In today’s Lectionary Scripture we visit once again the Prophet Amos. In his time, the nation of Israel had become ripe—ripe with sin. Powerful people were taking advantage of the powerless. The religious establishment was well supported, but it was without either moral force or moral content. Their faith was dead. God was marginalized. Even the priests at Bethel had become corrupted and compromised.

The Lord had sent prophets to them, calling out their sin, calling them to them to turn away from it and back to Him, warning of consequences if they didn’t. For most of these prophetic messengers it had ended poorly.

Imagine for a moment that Amos lived not in ancient Israel, but in the Wild West. When Amos walks down the main street, he was like a new sheriff sent to drive the evil gunslingers out of town. Everybody knew there was going to be a shoot-out and ran for cover. Amos had earned a reputation as a straight shooter who always hit the mark.

Sheriff Amos had a special fondness for confronting The Powerful People.

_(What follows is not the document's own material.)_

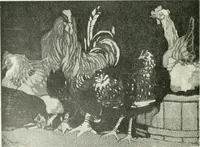 An illustration from International studio (1897)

You know—the ones who hired outlaws to rob the town bank and then boldly drink it away in the town saloon; the ones whose cattle rustling was driving the honest ranchers into bankruptcy; the ones who used power and force to co-opt men and corrupt institutions. The town pastor might have spoken out against the Powerfuls, but had instead made friends with them because they were so generous in their offerings. The pastor didn’t want to offend the sensibilities of those who were financing his church construction.

You get the picture.

In the fourth of four visions, God shows Amos a basket of fruit (sometimes translated as summer-fruit) and asks him what he sees. In ancient Israel, fruit was normally symbolic of a good harvest and plenty of food. But God explains to Amos that Israel was a dichotomy—of fruitfulness and yet famine, of luxury and yet poverty, of religion and what John Wesley once called “the form of religion without its power.”

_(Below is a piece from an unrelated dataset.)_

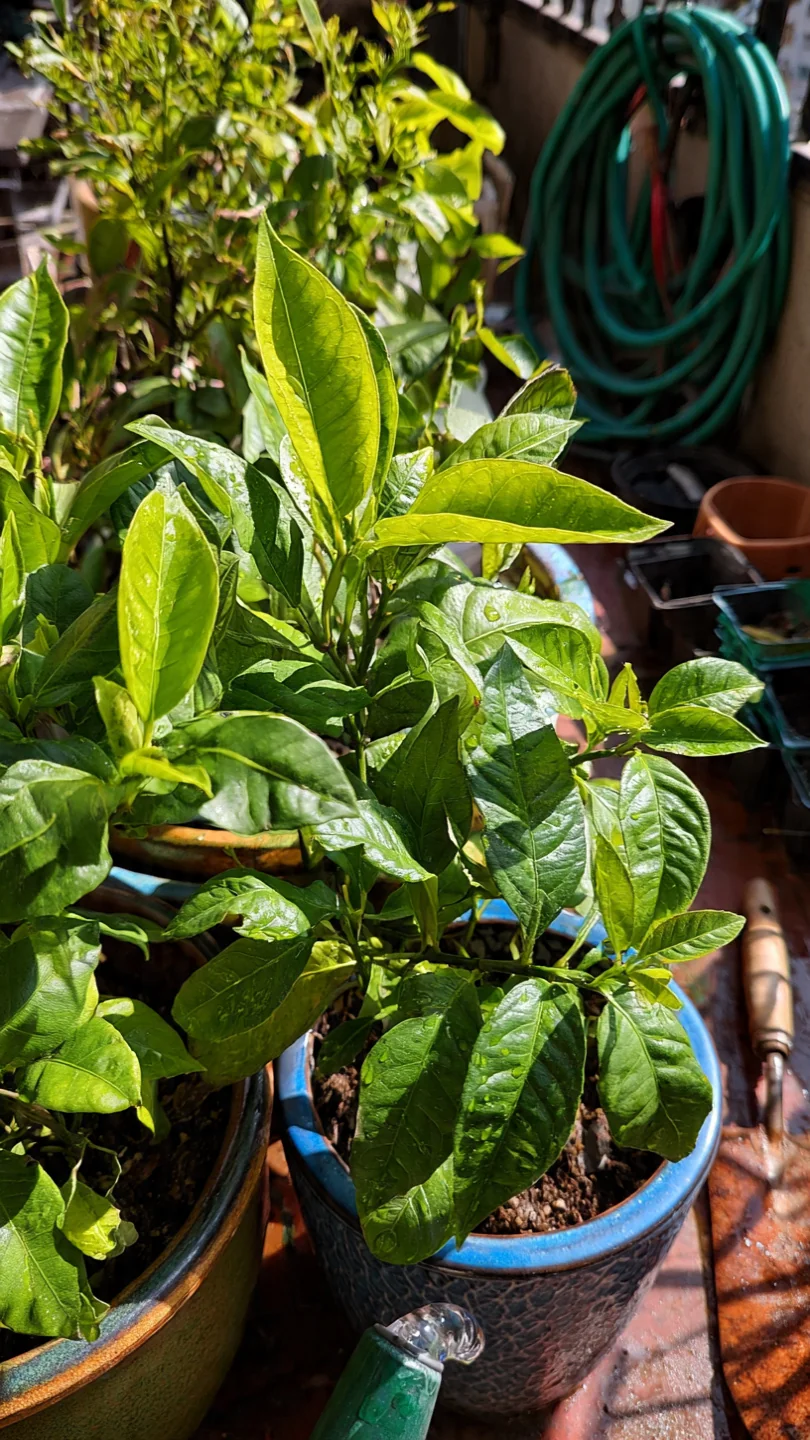 Citrus in Containers: The Decision Grid for Matching Varieties to Space, Climate, and Effort Constraints - Visual Guide Part 1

Keep in mind that Amos prophesied at a time of prosperity and confidence. It’s hard to be a prophet when all seems well. Nobody welcomes such a person. Who wants to hear about famine when the winds of prosperity prevail? We want to be told “smooth things”—that all is well and will continue to be well, even when the message of correction is life-saving.

Amos wasn’t sent to criticize Israel for being successful. He did not declare that it is wrong to enjoy life, to be involved in good business and making a profit, or to create wealth. He scolded them for abusing their power for personal gain, for being dishonest in their transactions, and for ignoring the plight of those they cheated. Most of all, Amos was telling them that they have loved these things more than God Himself, and that they will now have to account for the ripe fruit of their deeds.

All fruit begins with a flower. It buds, it grows, and eventually ripens into what it was always going to be. A plum will not grow from the seed of an orange. By the same token, a melon will not grow from the seeds of noxious sticker weeds. The seeds we sow will one day bear fruit; there will be a harvest. The nature of that harvest will depend entirely on what we have sown, and cultivated to fruition. Our early choices define whether our harvest will be sweet or bitter, ripe or rotten.

Amos warned Israel of the coming of the worst kind of famine—the kind that comes when God withdraws from us and leaves us to our own devices, to suffer the predictable consequences of what we’ve done. “People will stagger from sea to sea and wander from north to east, searching for the word of the Lord, but they will not find it” (vv. 11-12).

It’s Monday Morning. If God showed you a basket of the things in your life, which fruits would be ripe? Would any be rotten?